■ **AIM OF THE EXERCISE**
Gather up every line from the entries below that uses the word "Western".

Segment Open

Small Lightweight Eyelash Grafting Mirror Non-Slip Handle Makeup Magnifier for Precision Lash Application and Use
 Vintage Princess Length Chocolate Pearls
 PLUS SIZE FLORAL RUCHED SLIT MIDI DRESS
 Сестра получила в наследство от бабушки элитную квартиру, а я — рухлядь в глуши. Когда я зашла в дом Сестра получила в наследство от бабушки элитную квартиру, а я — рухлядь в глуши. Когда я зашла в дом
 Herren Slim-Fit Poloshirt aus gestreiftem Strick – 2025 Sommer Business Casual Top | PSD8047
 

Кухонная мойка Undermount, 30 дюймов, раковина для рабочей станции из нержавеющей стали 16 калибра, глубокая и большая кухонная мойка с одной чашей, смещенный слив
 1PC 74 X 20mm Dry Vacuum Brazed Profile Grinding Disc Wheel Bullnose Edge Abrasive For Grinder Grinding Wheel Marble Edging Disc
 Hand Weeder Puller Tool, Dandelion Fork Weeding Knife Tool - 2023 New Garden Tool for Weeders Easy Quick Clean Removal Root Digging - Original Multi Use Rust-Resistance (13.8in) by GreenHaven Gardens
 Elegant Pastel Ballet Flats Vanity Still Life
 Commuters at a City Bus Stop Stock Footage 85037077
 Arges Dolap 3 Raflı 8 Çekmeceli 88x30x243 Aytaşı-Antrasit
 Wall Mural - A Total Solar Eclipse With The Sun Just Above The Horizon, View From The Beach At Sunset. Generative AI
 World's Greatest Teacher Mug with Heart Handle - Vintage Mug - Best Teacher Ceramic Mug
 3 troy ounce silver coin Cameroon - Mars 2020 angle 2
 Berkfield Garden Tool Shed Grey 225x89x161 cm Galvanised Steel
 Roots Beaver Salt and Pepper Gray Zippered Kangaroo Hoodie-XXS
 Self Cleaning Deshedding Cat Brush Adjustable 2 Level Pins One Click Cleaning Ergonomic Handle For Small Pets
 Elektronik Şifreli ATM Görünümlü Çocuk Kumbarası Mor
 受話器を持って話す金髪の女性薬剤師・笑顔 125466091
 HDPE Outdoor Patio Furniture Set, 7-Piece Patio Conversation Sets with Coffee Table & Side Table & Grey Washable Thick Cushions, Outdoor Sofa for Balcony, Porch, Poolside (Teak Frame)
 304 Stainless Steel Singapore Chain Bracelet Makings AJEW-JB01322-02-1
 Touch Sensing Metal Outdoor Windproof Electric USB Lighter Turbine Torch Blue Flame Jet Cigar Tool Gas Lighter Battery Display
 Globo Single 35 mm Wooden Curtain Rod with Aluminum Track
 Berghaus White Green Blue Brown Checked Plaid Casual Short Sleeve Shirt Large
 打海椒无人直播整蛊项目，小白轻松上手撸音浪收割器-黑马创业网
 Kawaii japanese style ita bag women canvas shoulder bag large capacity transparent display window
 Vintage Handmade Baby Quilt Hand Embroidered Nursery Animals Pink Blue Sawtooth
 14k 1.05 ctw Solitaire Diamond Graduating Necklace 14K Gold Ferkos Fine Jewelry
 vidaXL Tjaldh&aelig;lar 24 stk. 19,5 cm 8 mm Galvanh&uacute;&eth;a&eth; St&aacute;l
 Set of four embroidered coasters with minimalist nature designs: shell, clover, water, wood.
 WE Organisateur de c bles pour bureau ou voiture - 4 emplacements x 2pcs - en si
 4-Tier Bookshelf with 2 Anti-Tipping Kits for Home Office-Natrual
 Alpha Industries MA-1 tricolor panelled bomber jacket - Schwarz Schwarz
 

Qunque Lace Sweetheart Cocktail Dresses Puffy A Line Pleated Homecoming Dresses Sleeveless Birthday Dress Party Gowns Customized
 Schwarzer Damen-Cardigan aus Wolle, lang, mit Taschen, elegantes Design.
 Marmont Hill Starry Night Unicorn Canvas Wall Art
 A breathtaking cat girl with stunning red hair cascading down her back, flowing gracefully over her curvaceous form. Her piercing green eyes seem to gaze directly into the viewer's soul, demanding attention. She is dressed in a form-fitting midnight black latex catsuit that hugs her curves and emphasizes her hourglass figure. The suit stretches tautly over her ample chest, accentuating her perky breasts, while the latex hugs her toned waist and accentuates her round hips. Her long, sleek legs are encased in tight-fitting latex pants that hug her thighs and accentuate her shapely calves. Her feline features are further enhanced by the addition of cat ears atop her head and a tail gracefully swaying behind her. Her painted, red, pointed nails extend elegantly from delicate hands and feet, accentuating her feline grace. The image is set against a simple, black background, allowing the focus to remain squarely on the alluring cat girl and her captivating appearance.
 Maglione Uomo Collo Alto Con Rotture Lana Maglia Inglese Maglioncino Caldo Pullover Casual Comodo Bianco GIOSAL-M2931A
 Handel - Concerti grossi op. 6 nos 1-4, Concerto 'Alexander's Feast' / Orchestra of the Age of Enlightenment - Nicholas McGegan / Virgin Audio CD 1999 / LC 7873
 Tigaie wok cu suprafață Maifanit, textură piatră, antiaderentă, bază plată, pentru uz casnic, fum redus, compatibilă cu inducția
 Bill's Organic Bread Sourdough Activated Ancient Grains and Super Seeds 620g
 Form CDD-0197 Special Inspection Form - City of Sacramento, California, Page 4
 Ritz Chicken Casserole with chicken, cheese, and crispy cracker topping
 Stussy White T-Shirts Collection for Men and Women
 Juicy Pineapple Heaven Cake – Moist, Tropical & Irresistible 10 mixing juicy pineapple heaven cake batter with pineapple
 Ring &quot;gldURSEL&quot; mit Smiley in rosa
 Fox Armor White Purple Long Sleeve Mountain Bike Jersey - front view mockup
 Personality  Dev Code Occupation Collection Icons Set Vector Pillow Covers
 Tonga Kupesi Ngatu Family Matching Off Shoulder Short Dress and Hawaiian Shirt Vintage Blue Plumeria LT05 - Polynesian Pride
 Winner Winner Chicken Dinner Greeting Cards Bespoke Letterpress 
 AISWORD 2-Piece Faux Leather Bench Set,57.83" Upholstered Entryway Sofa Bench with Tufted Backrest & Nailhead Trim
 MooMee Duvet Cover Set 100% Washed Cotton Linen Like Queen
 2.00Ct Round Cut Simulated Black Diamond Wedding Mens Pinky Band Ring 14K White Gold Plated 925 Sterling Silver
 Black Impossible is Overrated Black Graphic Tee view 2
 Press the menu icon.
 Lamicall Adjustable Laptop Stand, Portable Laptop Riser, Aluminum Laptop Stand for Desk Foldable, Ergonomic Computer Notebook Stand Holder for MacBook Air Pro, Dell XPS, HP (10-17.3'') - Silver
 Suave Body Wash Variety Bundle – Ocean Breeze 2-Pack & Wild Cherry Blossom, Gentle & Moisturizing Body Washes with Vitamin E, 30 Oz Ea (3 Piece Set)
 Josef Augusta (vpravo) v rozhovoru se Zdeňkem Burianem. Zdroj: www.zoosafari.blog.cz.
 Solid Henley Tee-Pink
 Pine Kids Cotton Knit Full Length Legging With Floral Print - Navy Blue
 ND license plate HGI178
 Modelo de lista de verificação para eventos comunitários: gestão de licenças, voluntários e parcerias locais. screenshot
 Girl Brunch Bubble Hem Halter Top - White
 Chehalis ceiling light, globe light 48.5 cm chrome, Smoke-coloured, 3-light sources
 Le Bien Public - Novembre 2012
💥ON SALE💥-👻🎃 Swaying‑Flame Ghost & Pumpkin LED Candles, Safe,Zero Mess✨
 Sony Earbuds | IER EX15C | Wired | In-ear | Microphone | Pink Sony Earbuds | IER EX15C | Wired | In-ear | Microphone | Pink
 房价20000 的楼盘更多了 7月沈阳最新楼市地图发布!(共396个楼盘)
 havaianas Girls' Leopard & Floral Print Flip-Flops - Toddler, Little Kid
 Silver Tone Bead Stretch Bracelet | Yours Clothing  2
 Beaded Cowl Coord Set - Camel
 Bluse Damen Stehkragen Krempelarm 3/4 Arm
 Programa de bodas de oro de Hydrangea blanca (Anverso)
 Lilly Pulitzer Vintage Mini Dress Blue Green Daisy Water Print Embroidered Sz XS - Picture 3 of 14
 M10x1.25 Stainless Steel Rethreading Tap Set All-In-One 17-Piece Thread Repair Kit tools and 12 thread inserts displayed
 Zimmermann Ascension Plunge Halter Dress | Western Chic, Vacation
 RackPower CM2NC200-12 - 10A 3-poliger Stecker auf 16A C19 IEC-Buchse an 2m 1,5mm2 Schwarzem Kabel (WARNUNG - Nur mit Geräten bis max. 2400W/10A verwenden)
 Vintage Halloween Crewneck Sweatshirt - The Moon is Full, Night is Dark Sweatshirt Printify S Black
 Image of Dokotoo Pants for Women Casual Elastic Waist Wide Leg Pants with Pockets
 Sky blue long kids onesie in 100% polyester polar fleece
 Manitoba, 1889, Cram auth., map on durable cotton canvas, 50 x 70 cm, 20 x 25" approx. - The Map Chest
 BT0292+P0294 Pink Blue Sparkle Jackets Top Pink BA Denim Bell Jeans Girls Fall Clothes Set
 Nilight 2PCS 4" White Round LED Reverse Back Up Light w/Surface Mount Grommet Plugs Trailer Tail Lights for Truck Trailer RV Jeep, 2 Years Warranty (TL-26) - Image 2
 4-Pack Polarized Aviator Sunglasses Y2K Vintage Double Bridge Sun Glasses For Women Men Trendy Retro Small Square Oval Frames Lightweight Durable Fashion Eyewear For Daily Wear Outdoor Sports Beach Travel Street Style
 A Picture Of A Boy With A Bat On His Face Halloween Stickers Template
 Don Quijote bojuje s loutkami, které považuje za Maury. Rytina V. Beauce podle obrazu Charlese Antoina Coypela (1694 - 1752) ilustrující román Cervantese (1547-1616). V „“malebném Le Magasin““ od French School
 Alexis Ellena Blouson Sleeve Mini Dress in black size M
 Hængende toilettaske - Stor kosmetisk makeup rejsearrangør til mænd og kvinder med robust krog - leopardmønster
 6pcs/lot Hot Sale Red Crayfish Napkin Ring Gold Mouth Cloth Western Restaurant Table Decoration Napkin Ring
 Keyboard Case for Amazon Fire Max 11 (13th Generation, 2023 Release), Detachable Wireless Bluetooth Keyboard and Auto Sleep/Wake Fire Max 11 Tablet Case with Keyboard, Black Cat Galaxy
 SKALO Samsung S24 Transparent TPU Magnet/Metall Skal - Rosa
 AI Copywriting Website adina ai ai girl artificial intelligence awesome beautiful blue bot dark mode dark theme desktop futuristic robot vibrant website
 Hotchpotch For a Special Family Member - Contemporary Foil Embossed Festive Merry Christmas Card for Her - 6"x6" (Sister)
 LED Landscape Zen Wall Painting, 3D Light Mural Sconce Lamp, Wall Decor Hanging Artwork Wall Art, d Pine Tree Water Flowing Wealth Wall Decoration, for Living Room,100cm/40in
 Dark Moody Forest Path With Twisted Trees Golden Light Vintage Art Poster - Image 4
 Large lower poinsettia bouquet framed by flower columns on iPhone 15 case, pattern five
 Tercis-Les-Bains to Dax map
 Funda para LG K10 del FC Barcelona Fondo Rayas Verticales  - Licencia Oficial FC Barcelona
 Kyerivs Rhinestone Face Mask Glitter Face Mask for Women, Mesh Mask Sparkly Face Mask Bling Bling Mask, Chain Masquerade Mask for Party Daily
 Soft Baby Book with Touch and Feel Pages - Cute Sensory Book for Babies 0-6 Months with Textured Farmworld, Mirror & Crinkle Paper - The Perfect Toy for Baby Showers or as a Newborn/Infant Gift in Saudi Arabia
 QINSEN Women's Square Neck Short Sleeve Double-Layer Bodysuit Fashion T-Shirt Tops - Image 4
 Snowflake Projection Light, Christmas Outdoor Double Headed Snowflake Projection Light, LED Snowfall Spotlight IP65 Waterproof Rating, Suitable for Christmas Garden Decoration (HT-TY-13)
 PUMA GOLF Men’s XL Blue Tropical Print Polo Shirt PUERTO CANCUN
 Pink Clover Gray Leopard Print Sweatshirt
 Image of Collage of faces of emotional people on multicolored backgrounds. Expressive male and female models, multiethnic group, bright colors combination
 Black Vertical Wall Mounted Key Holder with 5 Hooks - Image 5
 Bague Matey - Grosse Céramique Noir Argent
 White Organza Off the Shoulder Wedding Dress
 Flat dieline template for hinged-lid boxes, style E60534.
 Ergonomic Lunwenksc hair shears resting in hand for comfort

Segment Closed

■ **EXERCISE RESPONSE**
 Zimmermann Ascension Plunge Halter Dress | Western Chic, Vacation
 6pcs/lot Hot Sale Red Crayfish Napkin Ring Gold Mouth Cloth Western Restaurant Table Decoration Napkin Ring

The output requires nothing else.